Matt Bower’s Aug. 19 Beacon article, “Schools approve revised $162.6 million budget,” describes the Warwick School Committee’s concern about low math and reading NECAP test scores. Committee member Eugene Nadeau said, “No teacher in the school department is responsible for students not learning the subjects – They’ve been hit with mandates year after year that take hours away from teaching students, which is their primary focus.” 

In today’s complex world, the demands made upon Warwick’s public school teachers in their private and public lives are enormous. Ways have to be found to reduce these demands and allow these teachers to do what they are trained to do, interact with their students and teach well thought-out lessons.

Teachers do not have the time to create, write and implement detailed daily lessons. A better way to go would be to use computer technology to store and print out the daily lessons to be taught in reading and math. These lessons would be created (or updated) and computerized during the summer months by the Rhode Island Department of Education in conjunction with the professional staff in the Warwick school system.   

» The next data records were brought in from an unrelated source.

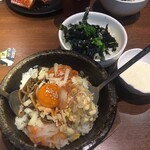 じゅうじゅうカルビ - 石焼きチーズビピンパととろろごはん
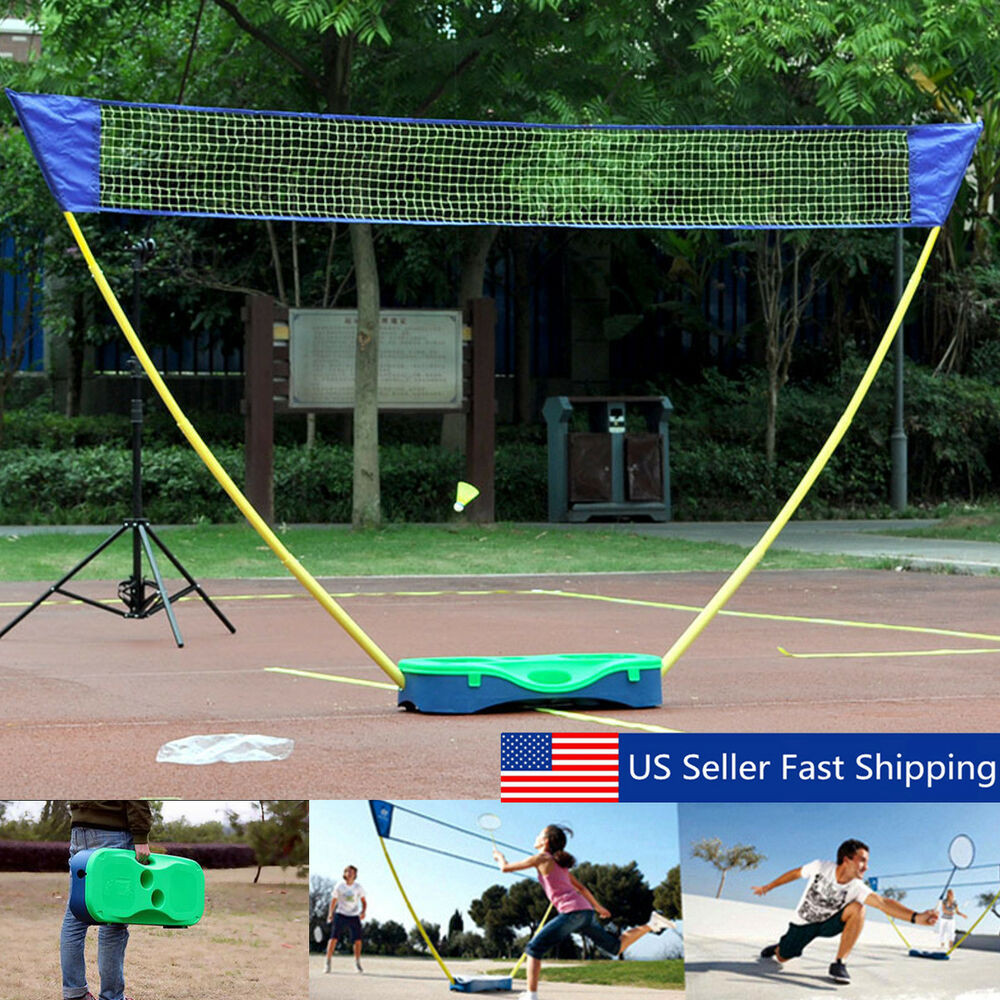 Backyard Volleyball Set
 3 in 1 Portable Badminton Volleyball Net Set Outdoor Beach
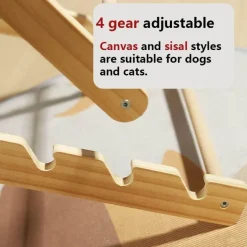 Verstellbares, gemütliches Haustierbett – bequeme Lösung für ein Nickerchen zwischen Hund und Katze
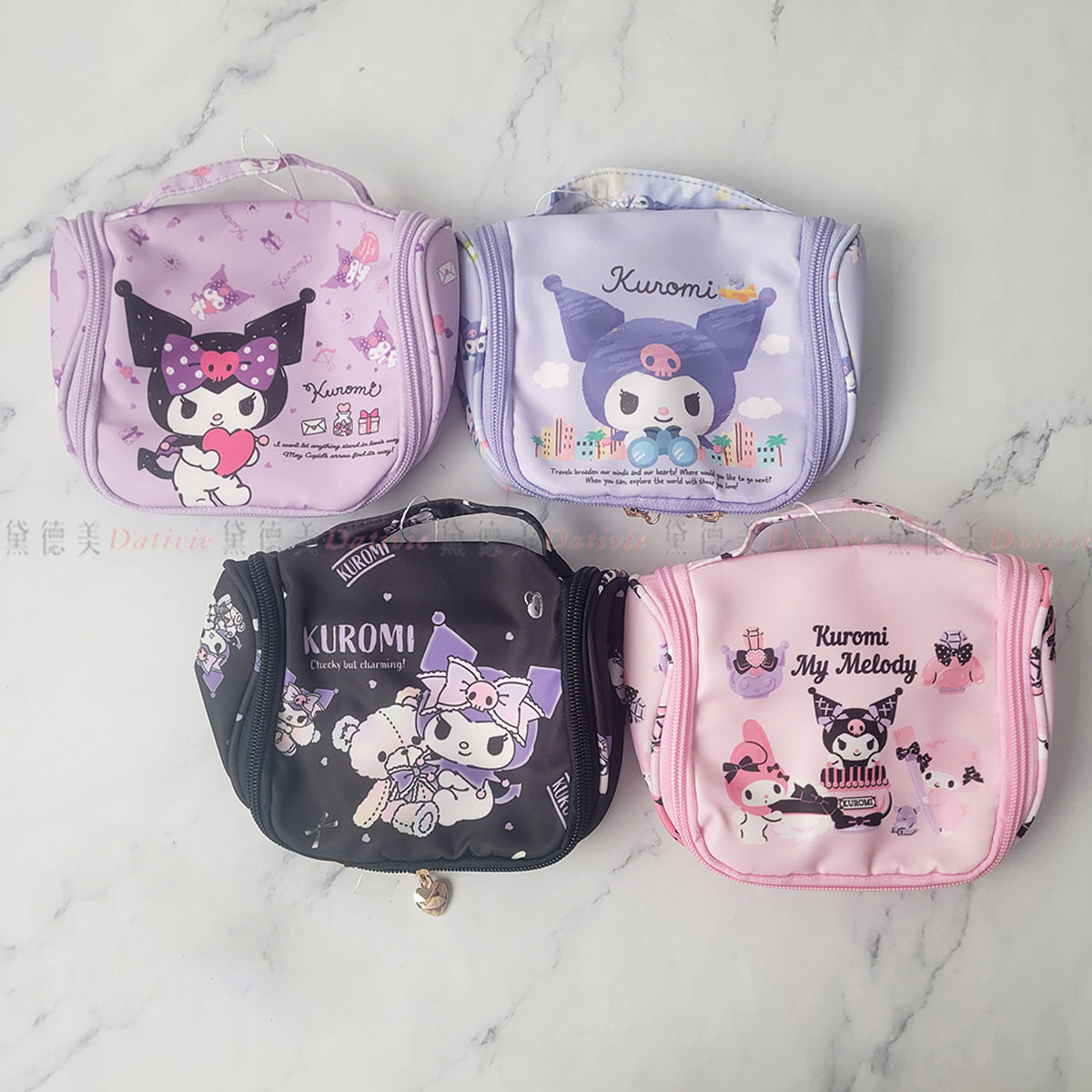 尼龍化妝盥洗包-酷洛米 三麗鷗 SANRIO 正版授權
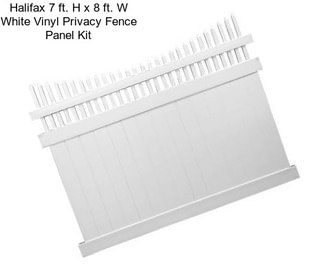 Halifax 7 ft. H x 8 ft. W White Vinyl Privacy Fence Panel Kit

Each daily lesson would match the curriculum and each printout would include the lesson plan, the materials needed for the lesson and suggestions on how to teach the lesson. Printouts of student reading materials would be tailored to meet the needs of each student. Drill and testing assignments would be corrected in class by computer and provide immediate feedback to each student. This would be highly motivating for the students and provide teachers with more time to teach and review each lesson. Homework assignments and supplementary materials would be provided online with many opportunities for after-school teacher/student/

parent interactions. If the curriculum changes, only the lessons involved would have to be updated.  These computer lessons would always be up-to-date and parents, teachers, school administrators, business leaders, labor leaders, elected public officials and the media would have computer access to the daily math and reading lessons being taught in each public school classroom. Input from these stakeholders would be invaluable. However, the Warwick School Committee would have the final say in all school matters. 

All grade level teachers of each subject would begin with lesson 1 and teach each succeeding lesson in order during the year. Doing this would allow for coordinated large group instruction in each subject area when needed and make sure that all students receive instruction in all the required grade level skills. 

To provide remedial or enrichment programs to needy students, the school day should be extended by 45 minutes. Outstanding retired teachers should be hired on a per diem basis to implement these programs during this extended period and provide parents and teachers with online updates of each student’s progress.

Because teachers in each subject area would be using the same basic daily lesson plans, teachers would be evaluated based on how well they teach these lessons and not on their students’ NECAP test scores or on time-consuming, teacher-prepared, work-related portfolios. In a short period of time, new teachers and weak teachers would become confident in their abilities to teach the skills contained in each daily lesson.

If a teacher is absent, the substitute could easily follow these required computer generated lessons, and, if a child is out sick for a period of time or is being home schooled, these computerized lessons would allow for successful home schooling in math and reading that would exactly match the  lessons being taught in school.     

All children have the ability to learn. They just have to be given the opportunity to learn on a day-to-day basis. Organized learning begins when a teacher teaches a lesson.